September 28th, 2020

ShotMarker SNAFU — What’s Wrong with this Picture?

Adam McDonald Shotmarker sensor wires

Canadian F-Class shooter Michael Traynor was surprised when he saw this “flat-line” target displayed from a ShotMarker system. That’s 30 shots with almost no vertical at all. So what gives? The ShotMarker uses acoustic sensors to plot shot location. It is normally accurate to within a few millimeters. Traynor posted: “I’ve never had this happen before with a waterline. This is myself and another shooter, 30 rounds total, including four sighters at 900 meters in super strong winds that twitched back and forth every minute.”

So what happened? It turns our that the system’s wires were not connected correctly. AccurateShooter IT expert (and top F-Class Shooter) Jay Christopherson posted: “The wires are connected incorrectly… you’ve got the sensors crossed”. This ShotMarker system error can be diagnosed by doing a “tap test” as explained by Cal Waldner: “Thats a crossed sensor wire! That’s why a tap test needs to be done every time you rig the equipment. If a wire is crossed then you will catch it on the tap test.”

Other folks who viewed Traynor’s target photo on Facebook said that they have seen a similar problem, so this is NOT an uncommon fault:

“Yup, my club had the same issue (and results) in an early outing with one of our ShotMarker units. The system reads the target area as a horizontal rectangle not as a square.” — Laurie Holland.

“I have seen this exact same result with the sensors plugged incorrectly.” — Dino Christopoulos

“This happened to several people at one match early on. Sensors crossed.” — Jen Bondurant

“I thought I was shooting a great waterline once [but the] wires were crossed — [a mistake from] setting up in the dark.”– Jerry Stephenson

Adam McDonald Shotmarker sensor wires

The ShotMarker System — Technology and Performance

The ShotMarker was invented by Adam McDonald, a brilliant young Canadian who also created the AutoTrickler. The ShotMarker is an advanced system for plotting shot impacts on targets using acoustic sensors placed in the four corners of the target frame. The central Sensor Hub at each target transmits to the Access Point at the firing line using LoRa, a low frequency RF protocol. Unlike Wifi, this power-efficient design works at over 2 miles and provides hassle-free connectivity even without direct line of sight.
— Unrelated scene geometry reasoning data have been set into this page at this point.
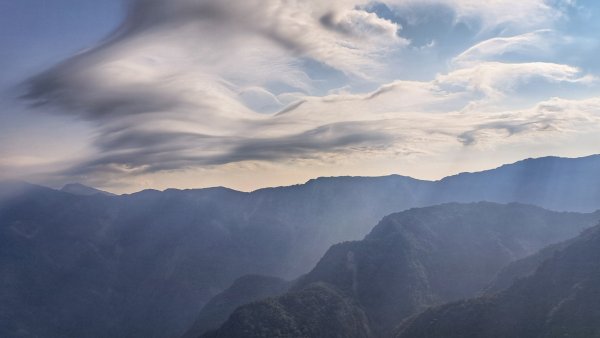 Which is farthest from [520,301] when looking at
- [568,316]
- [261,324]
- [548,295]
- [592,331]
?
[261,324]

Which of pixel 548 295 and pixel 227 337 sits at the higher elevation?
pixel 548 295

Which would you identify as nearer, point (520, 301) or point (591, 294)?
point (591, 294)

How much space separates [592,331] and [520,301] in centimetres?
3343

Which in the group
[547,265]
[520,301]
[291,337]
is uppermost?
[547,265]

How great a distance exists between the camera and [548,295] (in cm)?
17625

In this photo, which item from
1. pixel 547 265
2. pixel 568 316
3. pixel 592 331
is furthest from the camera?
pixel 547 265

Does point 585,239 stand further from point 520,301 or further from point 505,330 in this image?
point 505,330

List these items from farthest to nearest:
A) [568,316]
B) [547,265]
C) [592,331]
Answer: [547,265] < [568,316] < [592,331]

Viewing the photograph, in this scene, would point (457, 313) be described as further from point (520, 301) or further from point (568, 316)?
point (568, 316)

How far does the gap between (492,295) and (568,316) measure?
34.1 metres

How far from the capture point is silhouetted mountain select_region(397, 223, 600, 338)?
15788 centimetres

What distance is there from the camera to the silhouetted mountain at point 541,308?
518 feet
Adam McDonald Shotmarker sensor wires

Adam McDonald Shotmarker sensor wires

The sensor unit in each corner of your frame contains two precision MEMS ultrasonic microphones which are capable of measuring a supersonic bullet within 1mm – when the frame is perfectly still.

Adam McDonald Shotmarker sensor wires

Real-world accuracy will be limited by motion of the sensors and the air while shots are being detected. Typically, every shot will be reported within a few millimeters, with ideal performance being realized on a stable frame in calm conditions.